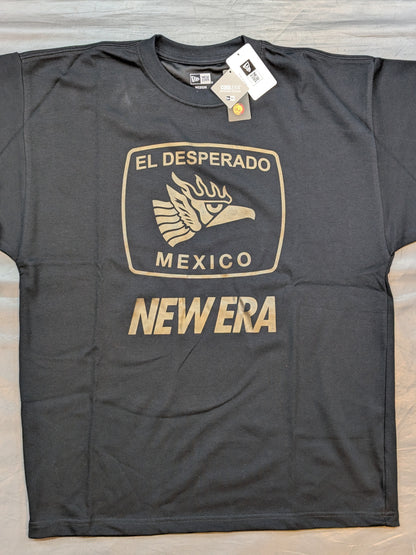 エル・デスペラード×NEW ERA コラボTシャツ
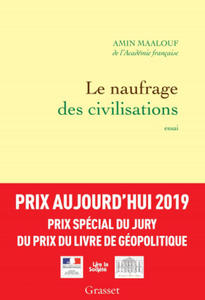 Le naufrage des civilisations - 2877035105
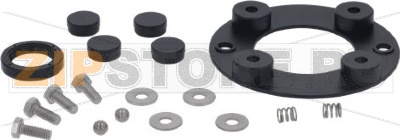 MOTOR COVER KIT 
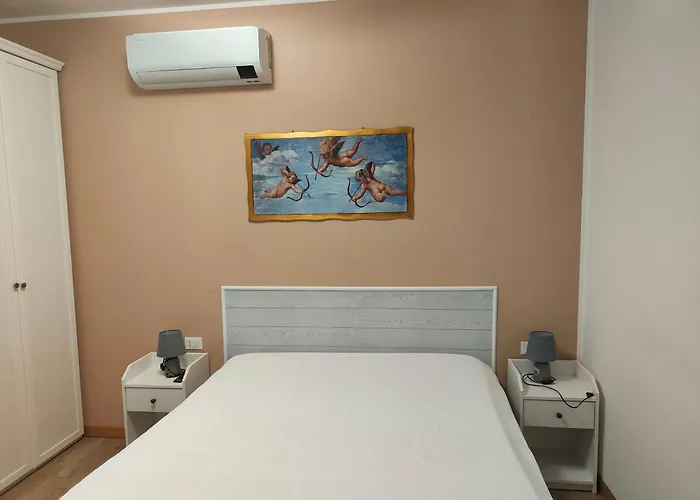 Stanza Lillina * San Benedetto del Tronto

▸ What you will do: Extract the full listing above verbatim; pictures are to be left out of the copy.

▸ Solved exercise:
 エル・デスペラード×NEW ERA コラボTシャツ
 Le naufrage des civilisations - 2877035105
 MOTOR COVER KIT 
 Stanza Lillina * San Benedetto del Tronto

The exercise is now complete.